Barely visible on the landscape, these wretched hovels were, therefore, very different from the multitude of dormer-windowed bungalows which have sprung up across the Irish countryside in recent years. But the latter also bear absolutely no resemblance to what has come to be considered the archetype of Irish vernacular architecture - the white-washed and thatched cottage. Their exteriors, especially when viewed from a distance or through the glaze of a Paul Henry canvas, possess a great deal of charm and seem to sit naturally in the landscape, helped once more by the use in construction of natural materials.

The interior of the traditional Irish cottage was never very appealing. It would be full of smoke, rather dark, distinctly dank thanks to the thatch and none too comfortable. Space was limited and made still more so by having to be shared with the household's livestock. No wonder the majority of their owners abandoned these buildings as fast as possible and put up smart new bungalows filled with big windows and lots of lovely central heating.
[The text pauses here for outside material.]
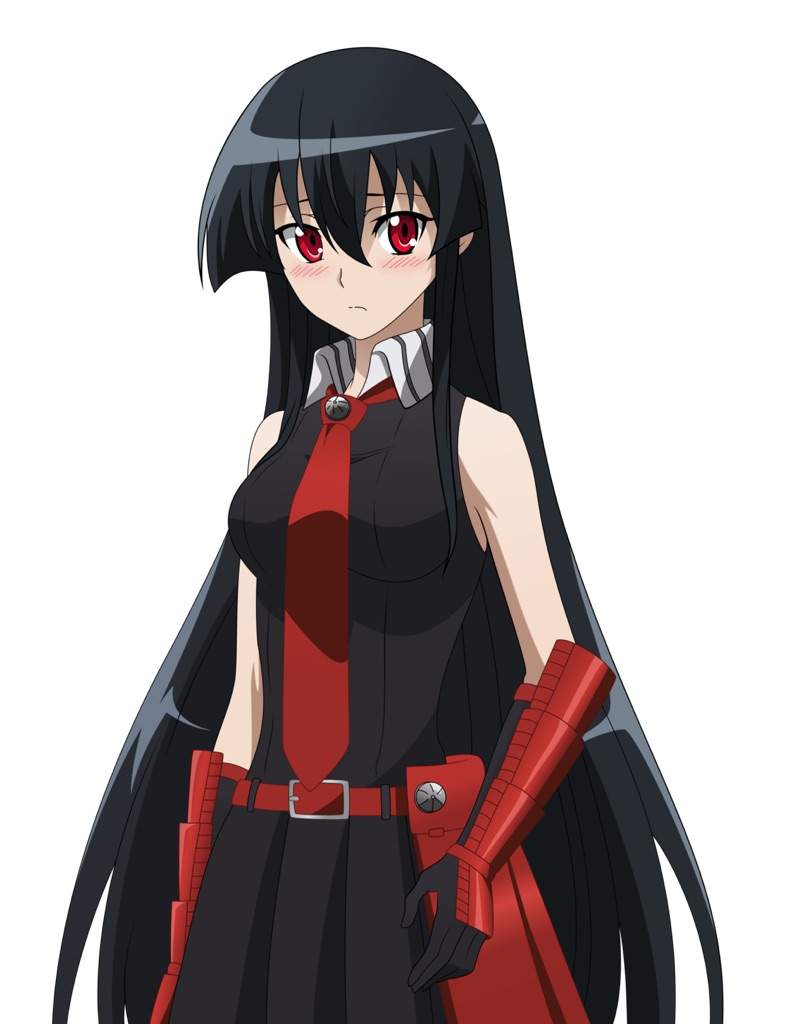 Akame Wiki •anime• Amino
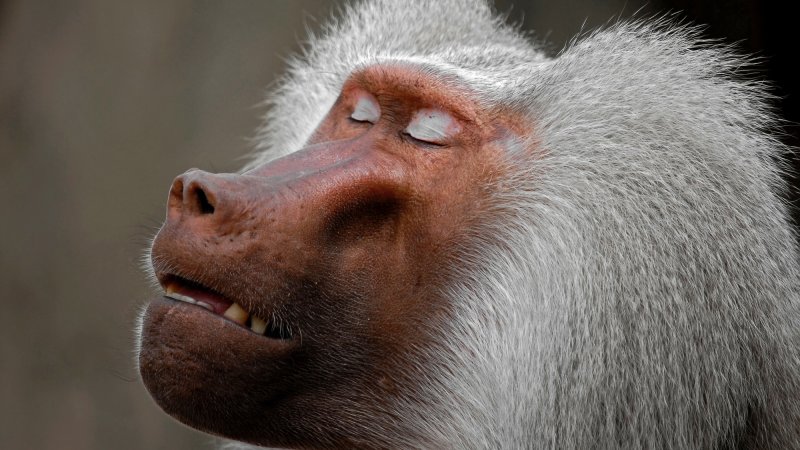 Close up of baboon face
Outside, instead of a muddy yard, it was now possible to have an expanse of lawn, preferably edged either with a line of evergreen trees or a balustraded wall.
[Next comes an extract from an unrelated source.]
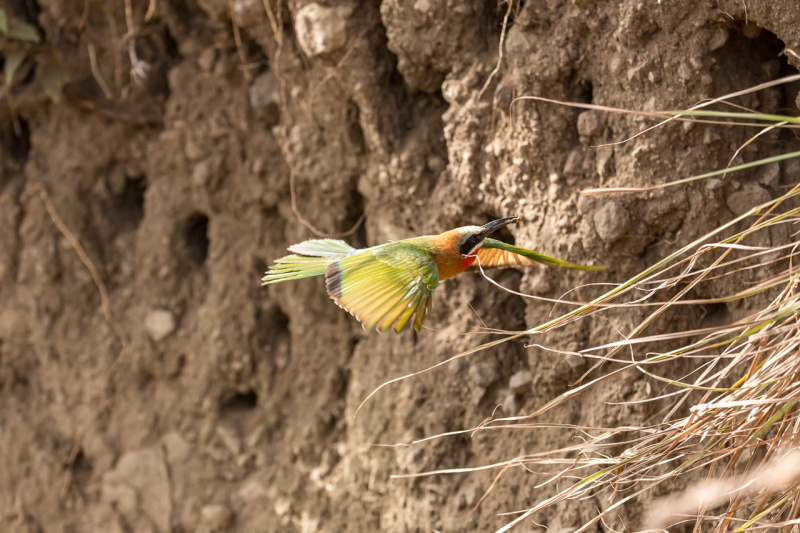 Witkapbijeneter bij zijn nest in Arusha National Park Tanzania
The role model for these bungalows has never been rural. Their natural environment is the suburb, their context a line of similar houses built in serried rows. Dropped into the countryside, they look out of place and lead precisely to the problem identified by John Spain: the "scattering of urban housing over wide areas almost at random". Insufficient care over preliminary planning results in rural development that has a distinctly un-rural appearance.
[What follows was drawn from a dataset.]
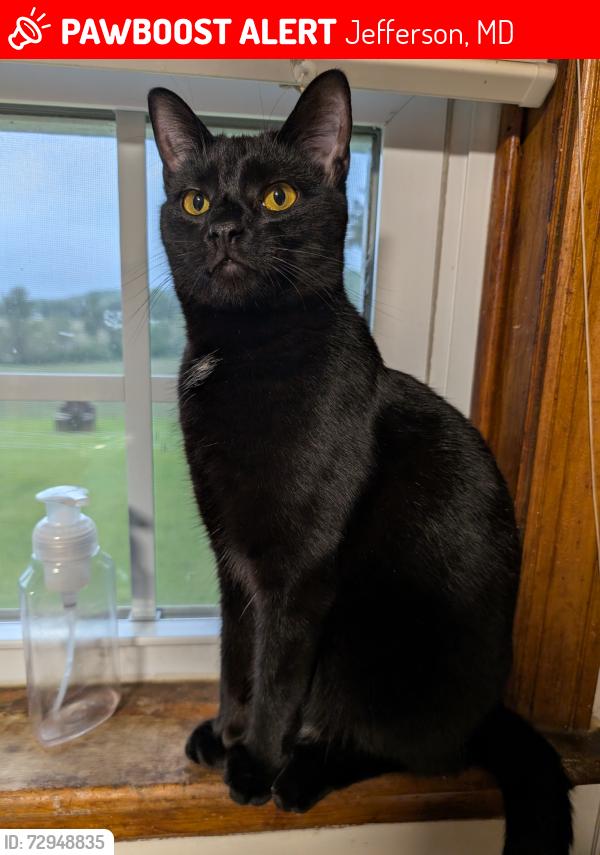Lost Male Cat last seen Near Jefferson , Jefferson, MD 21755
It is always tempting to condemn novelty solely on the basis of lack of precedent, and this often occurs with respect to new housing in the countryside. A field previously untouched by development suddenly becomes filled with buildings and a familiar prospect is lost. But all housing has to start this way. When William Conolly decided to build himself a new country residence in the 1720s, he chose a virgin site in Co Kildare and, as if this was not enough of an affront to local sensibilities, employed a foreign architect to design the place. The result was Castletown House, which became the archetype of Irish Palladian architecture and is now regarded as one of the finest buildings in the country. Merrion Square in central Dublin was once unspoilt countryside, and so too was Christchurch Cathedral, Áras an Uachtaráin and every other site today occupied by one of our cherished architectural monuments. In order to build anew, some of the landscape has to be sacrificed.

The debate, therefore, needs to be not about whether development should take place, but about the design and character of that development. This debate has still not started even while more and more of our countryside is subjected to ill-advised -- and poorly-designed - new housing. The old forms of vernacular architecture are gone for good; we cannot realistically expect anyone to live under the same conditions as did our forbears. But no new forms for rural housing have been proposed, even by members of the architectural profession who might be thought to have an interest in the subject. Until the importance of good design is recognised, suburban bungalows will continue to be constructed across the landscape.